→ Data excerpt
□ □ □ □

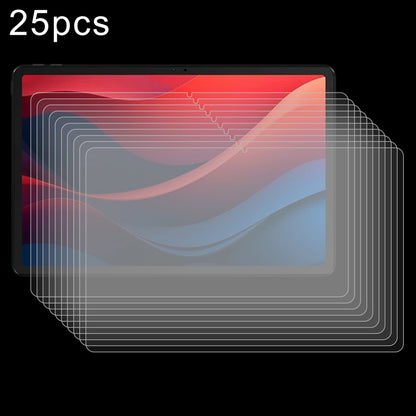 For Lenovo Xiaoxin 11 2024 25pcs 9H 0.3mm Explosion-proof Tempered Glass Film by buy2fix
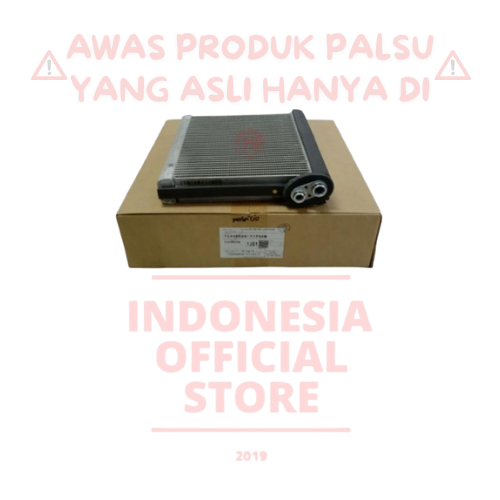 EVAPORATOR BRIO COMPRESSOR KOMPRESOR FREED MOBILIO BRV ORIGINAL ASLI DENSO AC MOBIL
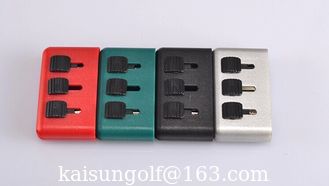 Chine Outils d'observation fourchette fourchette Golf Divot Outil pinceau ballons Scoreurs fournisseur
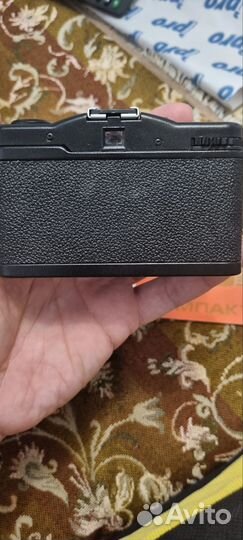 Пленочный фотоаппарат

□ □ □ □

→ Problem requirements
Omit the pictures, then quote the rest of the material above exactly.

→ The answer
 For Lenovo Xiaoxin 11 2024 25pcs 9H 0.3mm Explosion-proof Tempered Glass Film by buy2fix
 EVAPORATOR BRIO COMPRESSOR KOMPRESOR FREED MOBILIO BRV ORIGINAL ASLI DENSO AC MOBIL
 Chine Outils d'observation fourchette fourchette Golf Divot Outil pinceau ballons Scoreurs fournisseur
 Пленочный фотоаппарат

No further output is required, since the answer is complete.